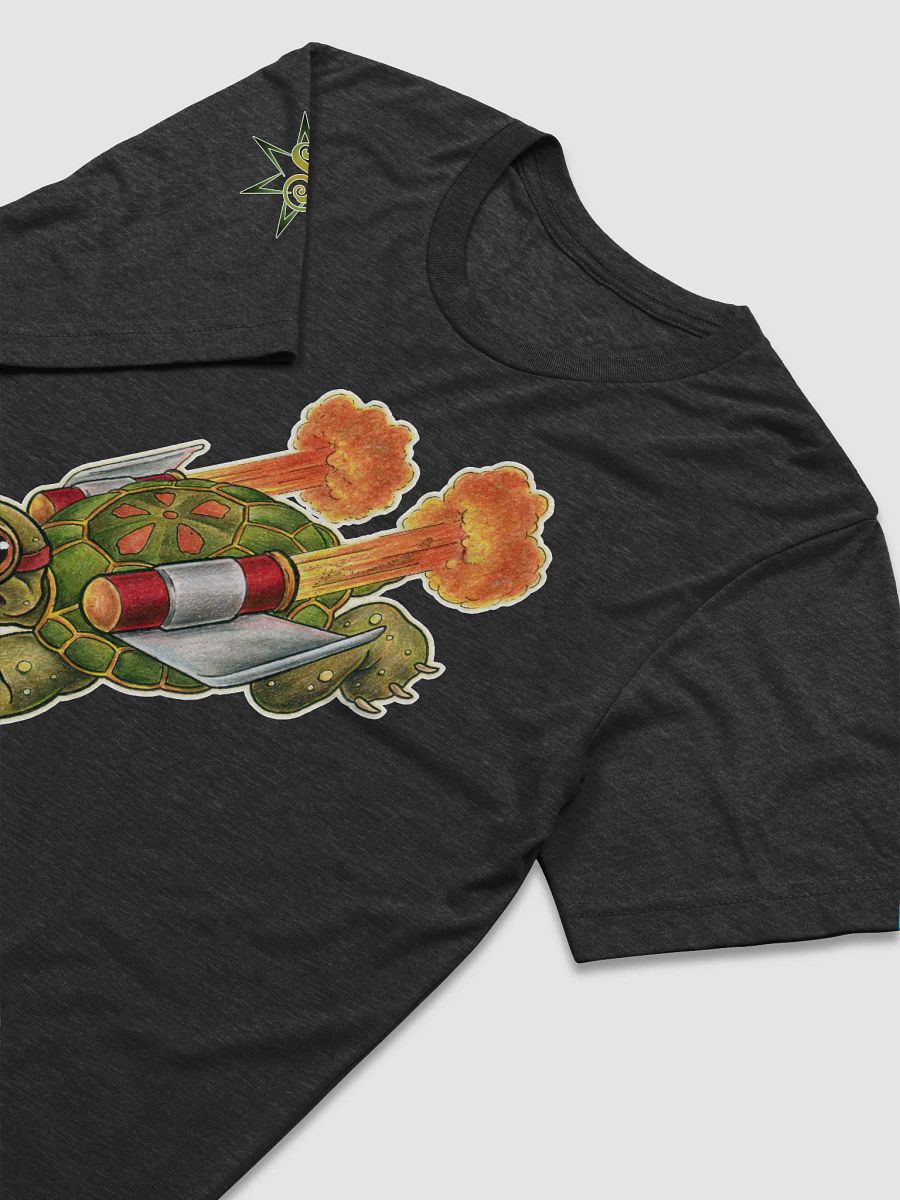 Jetpack Tortoise - SFA Triblend Tee product image (3)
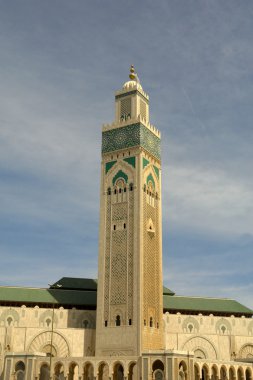 Kule cami hassan II Kazablanka, Fas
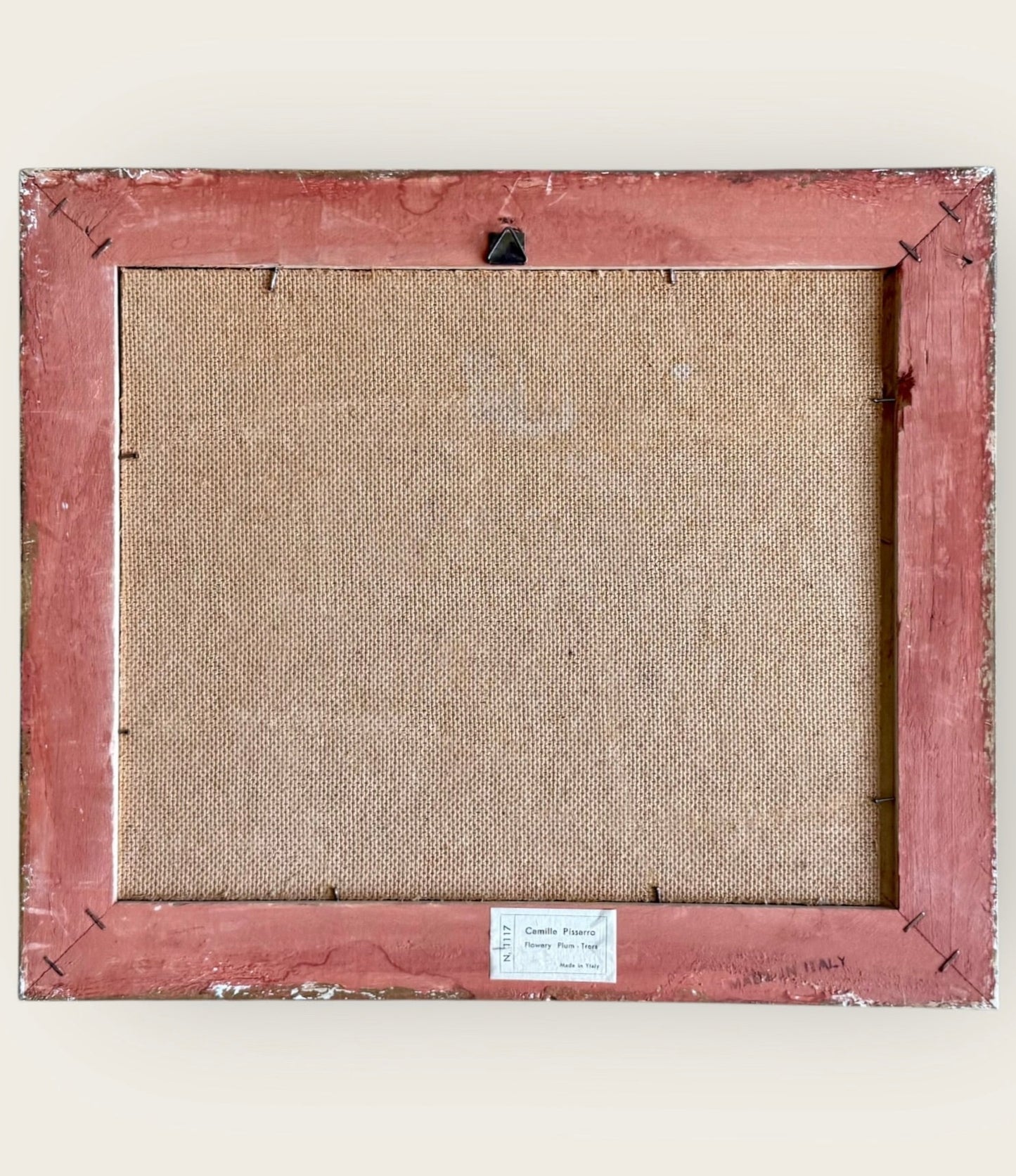 Flowery Plum Tree Art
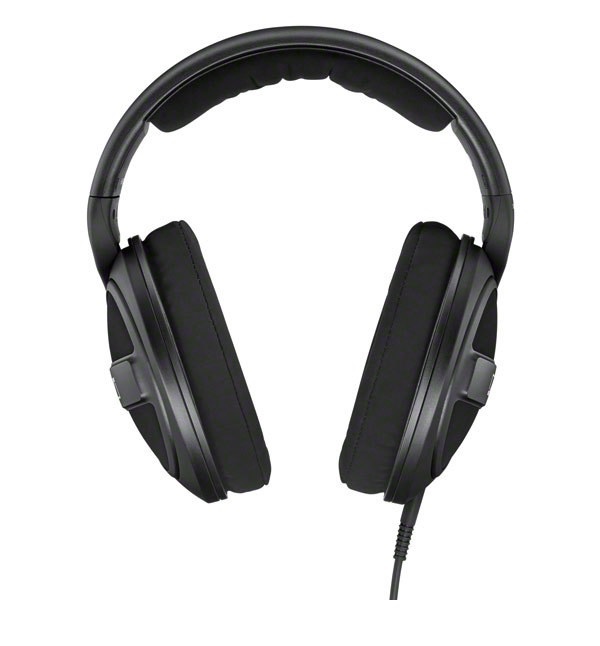 Sennheiser Audífonos con Micrófono HD 569, Alámbrico, 3 Metros, 3.5mm, Negro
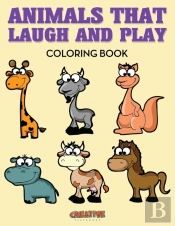 Animals That Laugh And Play Coloring Book
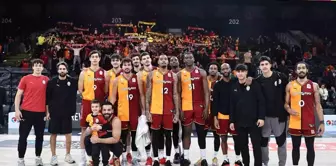 Galatasaray Erkek Basketbol Takımı, FIBA Şampiyonlar Ligi D Grubu'nu İkinci Sırada Tamamladı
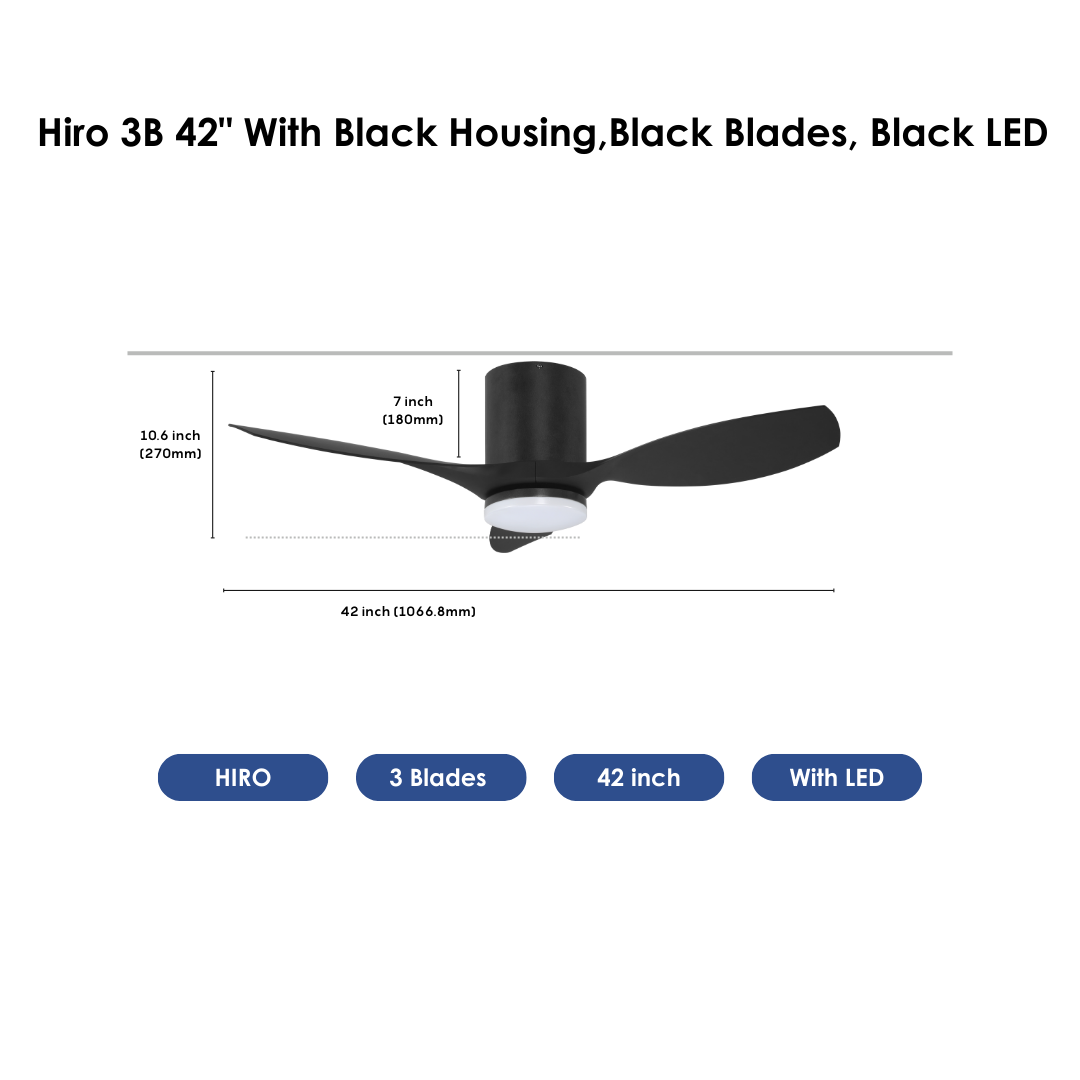 Crestar Hiro Smart Ceiling Fan
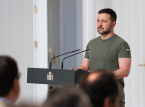 Zelensky siger, at Ukraine har "ubestrideligt" bevis for russisk efterretningsst&oslash;tte til Iran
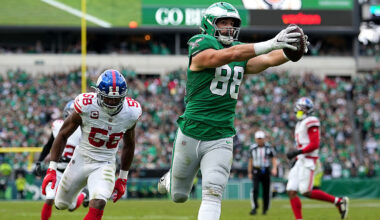 Broncos, rest of NFL won't see Goedert hit the market; he's staying with Eagles – Denver Sports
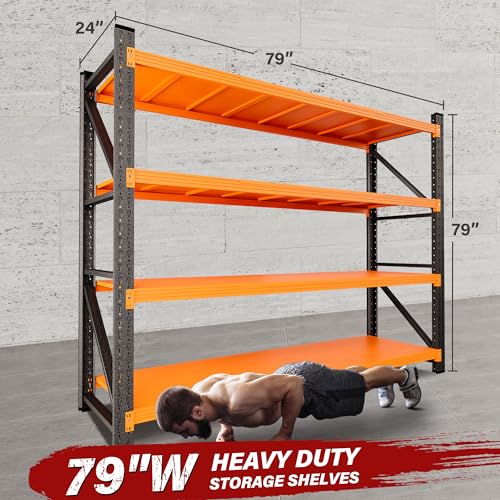 6000LBS Heavy Duty Garage Shelving Units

::::::::::

_Task statement_:
Could you give the listing again exactly, minus its pictures?

_Task solution_:
 Jetpack Tortoise - SFA Triblend Tee product image (3)
 Kule cami hassan II Kazablanka, Fas
 Flowery Plum Tree Art
 Sennheiser Audífonos con Micrófono HD 569, Alámbrico, 3 Metros, 3.5mm, Negro
 Animals That Laugh And Play Coloring Book
 Galatasaray Erkek Basketbol Takımı, FIBA Şampiyonlar Ligi D Grubu'nu İkinci Sırada Tamamladı
 Crestar Hiro Smart Ceiling Fan
 Zelensky siger, at Ukraine har "ubestrideligt" bevis for russisk efterretningsst&oslash;tte til Iran
 Broncos, rest of NFL won't see Goedert hit the market; he's staying with Eagles – Denver Sports
 6000LBS Heavy Duty Garage Shelving Units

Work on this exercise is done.